● Description of the task: Every entry below is to be copied exactly, with nothing left out.

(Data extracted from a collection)
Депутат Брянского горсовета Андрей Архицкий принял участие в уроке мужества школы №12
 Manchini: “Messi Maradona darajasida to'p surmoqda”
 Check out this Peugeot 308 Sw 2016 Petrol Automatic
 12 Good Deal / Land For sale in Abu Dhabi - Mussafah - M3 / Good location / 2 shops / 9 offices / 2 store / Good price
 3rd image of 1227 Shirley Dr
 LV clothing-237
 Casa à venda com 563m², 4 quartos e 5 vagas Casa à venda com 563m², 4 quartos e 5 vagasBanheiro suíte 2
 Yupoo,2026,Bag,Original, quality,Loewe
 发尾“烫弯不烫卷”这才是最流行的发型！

● Solution to the exercise:
Депутат Брянского горсовета Андрей Архицкий принял участие в уроке мужества школы №12
 Manchini: “Messi Maradona darajasida to'p surmoqda”
 Check out this Peugeot 308 Sw 2016 Petrol Automatic
 12 Good Deal / Land For sale in Abu Dhabi - Mussafah - M3 / Good location / 2 shops / 9 offices / 2 store / Good price
 3rd image of 1227 Shirley Dr
 LV clothing-237
 Casa à venda com 563m², 4 quartos e 5 vagas Casa à venda com 563m², 4 quartos e 5 vagasBanheiro suíte 2
 Yupoo,2026,Bag,Original, quality,Loewe
 发尾“烫弯不烫卷”这才是最流行的发型！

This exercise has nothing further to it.